[Supplied information]
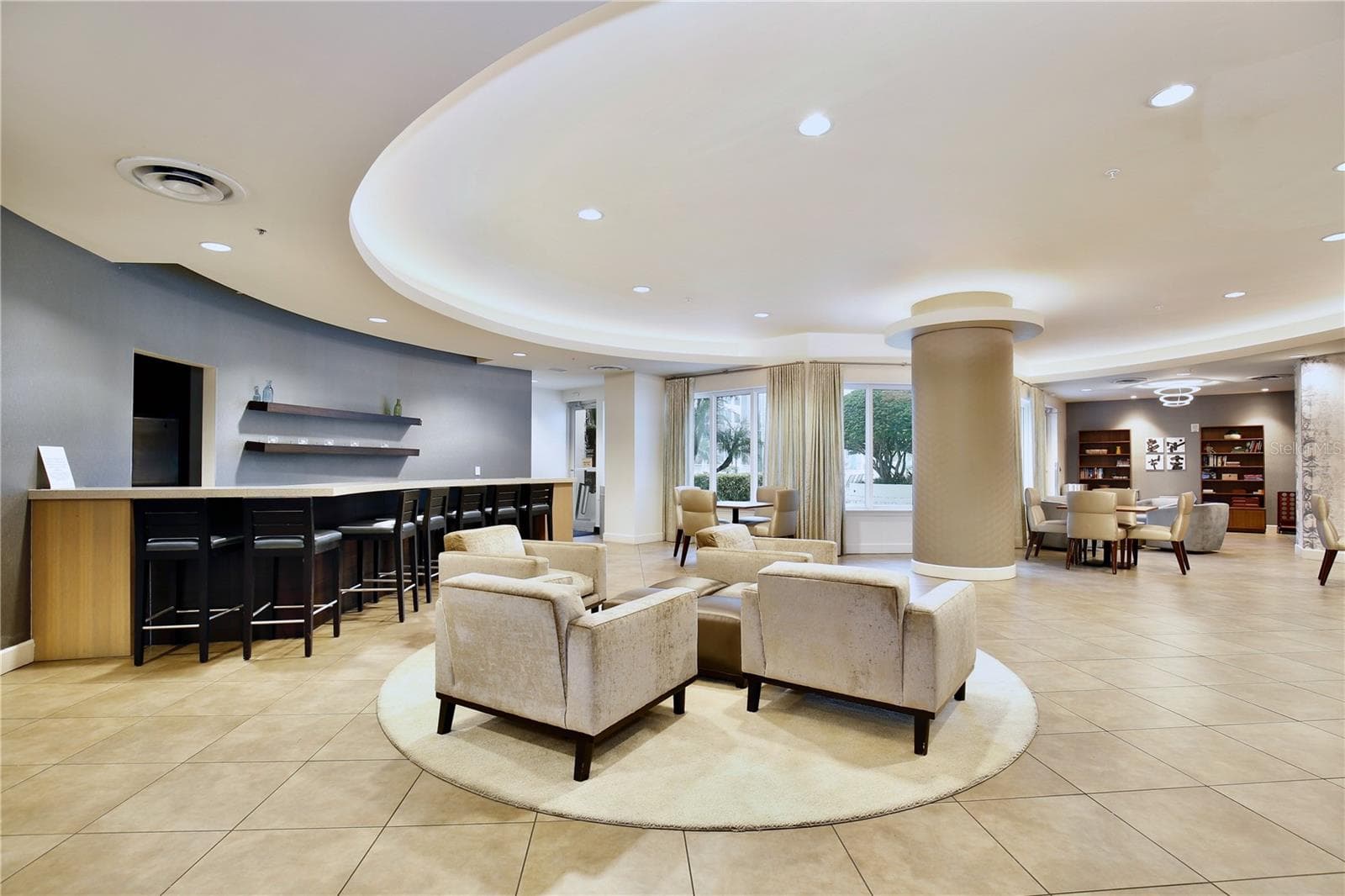 Club Level - 100 S EOLA DR #1413, ORLANDO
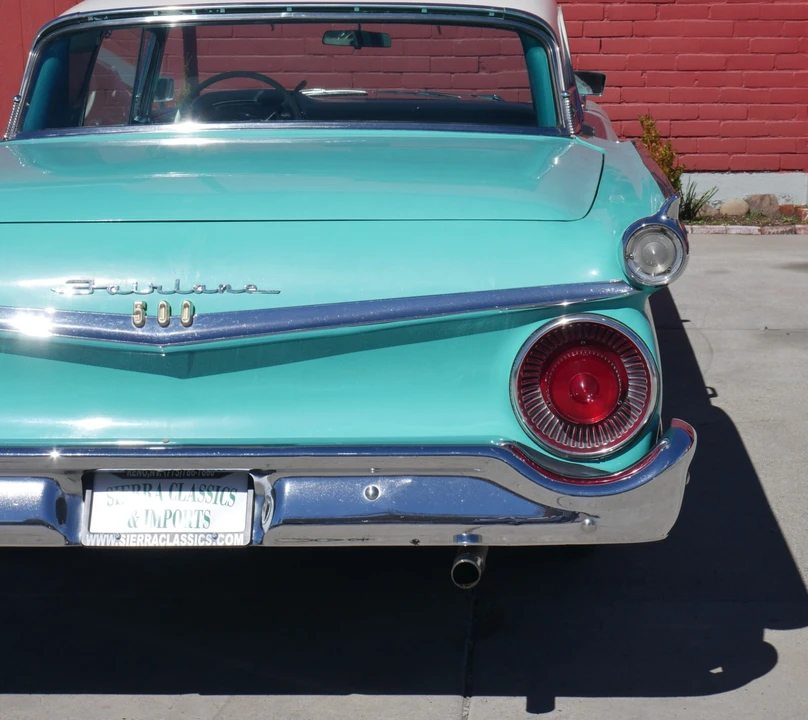 1959 Ford Fairlane 2nd Gen - Image 10 of 21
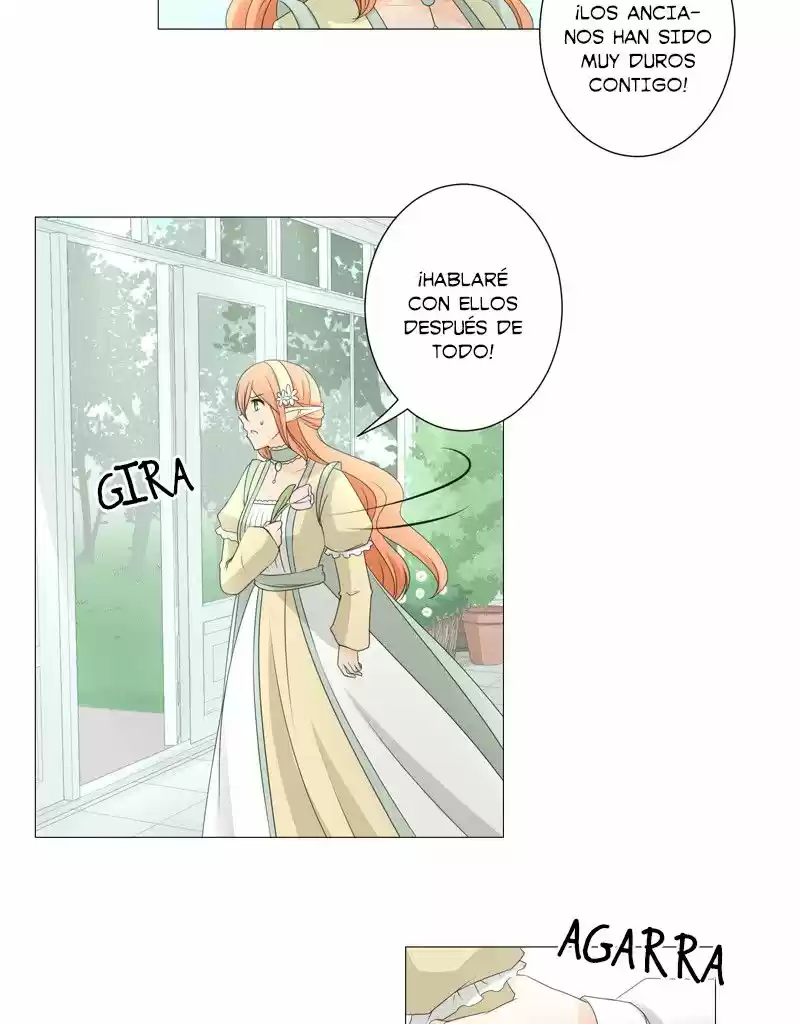 Scarce Clover (2016) - Capítulo 30 - Página 35 - LectorTMOo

[Task directions] Write each line exactly as it appears, from the line that holds "1959 Ford Fairlane 2nd Gen - Image 10 of 21" through the closing line of the data above, and leave every picture out.

[Output]
 1959 Ford Fairlane 2nd Gen - Image 10 of 21
 Scarce Clover (2016) - Capítulo 30 - Página 35 - LectorTMOo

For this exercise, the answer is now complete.